--- Information ---
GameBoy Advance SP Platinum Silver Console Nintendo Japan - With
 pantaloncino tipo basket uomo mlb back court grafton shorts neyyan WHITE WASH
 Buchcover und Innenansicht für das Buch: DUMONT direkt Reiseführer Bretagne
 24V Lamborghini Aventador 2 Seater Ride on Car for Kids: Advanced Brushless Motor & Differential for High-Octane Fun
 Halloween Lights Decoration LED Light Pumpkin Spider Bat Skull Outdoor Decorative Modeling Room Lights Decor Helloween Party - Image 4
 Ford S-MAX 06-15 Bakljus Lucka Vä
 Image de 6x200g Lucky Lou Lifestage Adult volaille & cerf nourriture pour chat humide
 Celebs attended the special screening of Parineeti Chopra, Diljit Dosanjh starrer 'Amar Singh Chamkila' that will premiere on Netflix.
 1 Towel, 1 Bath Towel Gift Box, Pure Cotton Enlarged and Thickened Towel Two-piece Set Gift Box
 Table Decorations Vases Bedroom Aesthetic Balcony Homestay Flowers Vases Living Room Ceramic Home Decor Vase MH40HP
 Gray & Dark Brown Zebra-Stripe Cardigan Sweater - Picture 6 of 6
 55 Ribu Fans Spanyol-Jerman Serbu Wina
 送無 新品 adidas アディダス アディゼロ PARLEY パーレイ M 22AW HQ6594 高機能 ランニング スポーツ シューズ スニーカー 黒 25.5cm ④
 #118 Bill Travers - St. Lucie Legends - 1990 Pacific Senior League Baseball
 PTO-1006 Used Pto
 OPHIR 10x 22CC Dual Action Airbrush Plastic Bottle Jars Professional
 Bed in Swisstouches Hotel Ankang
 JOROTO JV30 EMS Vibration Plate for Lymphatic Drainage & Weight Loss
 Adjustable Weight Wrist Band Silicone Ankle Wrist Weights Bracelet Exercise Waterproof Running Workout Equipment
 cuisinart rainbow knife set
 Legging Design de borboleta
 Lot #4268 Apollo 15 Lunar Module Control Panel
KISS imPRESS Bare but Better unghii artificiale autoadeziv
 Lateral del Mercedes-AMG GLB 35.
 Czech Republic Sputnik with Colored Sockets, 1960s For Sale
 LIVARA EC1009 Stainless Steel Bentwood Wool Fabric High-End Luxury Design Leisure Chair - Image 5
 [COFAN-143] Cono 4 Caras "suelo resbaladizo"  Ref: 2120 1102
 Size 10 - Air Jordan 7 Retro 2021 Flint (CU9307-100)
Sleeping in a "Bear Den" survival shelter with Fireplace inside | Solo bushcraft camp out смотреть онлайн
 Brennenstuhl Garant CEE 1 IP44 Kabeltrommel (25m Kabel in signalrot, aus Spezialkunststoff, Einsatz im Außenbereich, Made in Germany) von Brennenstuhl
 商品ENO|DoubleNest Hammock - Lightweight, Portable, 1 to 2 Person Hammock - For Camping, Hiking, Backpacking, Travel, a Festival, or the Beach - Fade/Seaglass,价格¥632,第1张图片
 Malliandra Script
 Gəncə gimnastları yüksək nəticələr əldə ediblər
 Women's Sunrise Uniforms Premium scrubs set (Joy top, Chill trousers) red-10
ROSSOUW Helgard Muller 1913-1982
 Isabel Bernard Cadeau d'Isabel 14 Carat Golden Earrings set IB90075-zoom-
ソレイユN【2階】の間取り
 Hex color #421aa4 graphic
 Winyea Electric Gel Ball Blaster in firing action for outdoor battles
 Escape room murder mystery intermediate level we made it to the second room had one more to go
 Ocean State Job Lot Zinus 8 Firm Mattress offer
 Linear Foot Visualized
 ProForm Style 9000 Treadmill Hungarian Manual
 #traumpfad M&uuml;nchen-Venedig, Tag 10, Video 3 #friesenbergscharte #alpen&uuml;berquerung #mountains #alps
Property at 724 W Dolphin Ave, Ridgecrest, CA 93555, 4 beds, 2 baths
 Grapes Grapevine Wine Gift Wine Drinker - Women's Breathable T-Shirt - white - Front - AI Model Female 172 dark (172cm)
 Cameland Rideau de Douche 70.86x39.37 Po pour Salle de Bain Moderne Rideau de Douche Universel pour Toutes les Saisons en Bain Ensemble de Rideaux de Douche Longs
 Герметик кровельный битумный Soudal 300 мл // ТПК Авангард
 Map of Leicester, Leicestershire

--- What you need to do ---
Repeat back the listing above exactly, including every line.

--- Output ---
GameBoy Advance SP Platinum Silver Console Nintendo Japan - With
 pantaloncino tipo basket uomo mlb back court grafton shorts neyyan WHITE WASH
 Buchcover und Innenansicht für das Buch: DUMONT direkt Reiseführer Bretagne
 24V Lamborghini Aventador 2 Seater Ride on Car for Kids: Advanced Brushless Motor & Differential for High-Octane Fun
 Halloween Lights Decoration LED Light Pumpkin Spider Bat Skull Outdoor Decorative Modeling Room Lights Decor Helloween Party - Image 4
 Ford S-MAX 06-15 Bakljus Lucka Vä
 Image de 6x200g Lucky Lou Lifestage Adult volaille & cerf nourriture pour chat humide
 Celebs attended the special screening of Parineeti Chopra, Diljit Dosanjh starrer 'Amar Singh Chamkila' that will premiere on Netflix.
 1 Towel, 1 Bath Towel Gift Box, Pure Cotton Enlarged and Thickened Towel Two-piece Set Gift Box
 Table Decorations Vases Bedroom Aesthetic Balcony Homestay Flowers Vases Living Room Ceramic Home Decor Vase MH40HP
 Gray & Dark Brown Zebra-Stripe Cardigan Sweater - Picture 6 of 6
 55 Ribu Fans Spanyol-Jerman Serbu Wina
 送無 新品 adidas アディダス アディゼロ PARLEY パーレイ M 22AW HQ6594 高機能 ランニング スポーツ シューズ スニーカー 黒 25.5cm ④
 #118 Bill Travers - St. Lucie Legends - 1990 Pacific Senior League Baseball
 PTO-1006 Used Pto
 OPHIR 10x 22CC Dual Action Airbrush Plastic Bottle Jars Professional
 Bed in Swisstouches Hotel Ankang
 JOROTO JV30 EMS Vibration Plate for Lymphatic Drainage & Weight Loss
 Adjustable Weight Wrist Band Silicone Ankle Wrist Weights Bracelet Exercise Waterproof Running Workout Equipment
 cuisinart rainbow knife set
 Legging Design de borboleta
 Lot #4268 Apollo 15 Lunar Module Control Panel
KISS imPRESS Bare but Better unghii artificiale autoadeziv
 Lateral del Mercedes-AMG GLB 35.
 Czech Republic Sputnik with Colored Sockets, 1960s For Sale
 LIVARA EC1009 Stainless Steel Bentwood Wool Fabric High-End Luxury Design Leisure Chair - Image 5
 [COFAN-143] Cono 4 Caras "suelo resbaladizo"  Ref: 2120 1102
 Size 10 - Air Jordan 7 Retro 2021 Flint (CU9307-100)
Sleeping in a "Bear Den" survival shelter with Fireplace inside | Solo bushcraft camp out смотреть онлайн
 Brennenstuhl Garant CEE 1 IP44 Kabeltrommel (25m Kabel in signalrot, aus Spezialkunststoff, Einsatz im Außenbereich, Made in Germany) von Brennenstuhl
 商品ENO|DoubleNest Hammock - Lightweight, Portable, 1 to 2 Person Hammock - For Camping, Hiking, Backpacking, Travel, a Festival, or the Beach - Fade/Seaglass,价格¥632,第1张图片
 Malliandra Script
 Gəncə gimnastları yüksək nəticələr əldə ediblər
 Women's Sunrise Uniforms Premium scrubs set (Joy top, Chill trousers) red-10
ROSSOUW Helgard Muller 1913-1982
 Isabel Bernard Cadeau d'Isabel 14 Carat Golden Earrings set IB90075-zoom-
ソレイユN【2階】の間取り
 Hex color #421aa4 graphic
 Winyea Electric Gel Ball Blaster in firing action for outdoor battles
 Escape room murder mystery intermediate level we made it to the second room had one more to go
 Ocean State Job Lot Zinus 8 Firm Mattress offer
 Linear Foot Visualized
 ProForm Style 9000 Treadmill Hungarian Manual
 #traumpfad M&uuml;nchen-Venedig, Tag 10, Video 3 #friesenbergscharte #alpen&uuml;berquerung #mountains #alps
Property at 724 W Dolphin Ave, Ridgecrest, CA 93555, 4 beds, 2 baths
 Grapes Grapevine Wine Gift Wine Drinker - Women's Breathable T-Shirt - white - Front - AI Model Female 172 dark (172cm)
 Cameland Rideau de Douche 70.86x39.37 Po pour Salle de Bain Moderne Rideau de Douche Universel pour Toutes les Saisons en Bain Ensemble de Rideaux de Douche Longs
 Герметик кровельный битумный Soudal 300 мл // ТПК Авангард
 Map of Leicester, Leicestershire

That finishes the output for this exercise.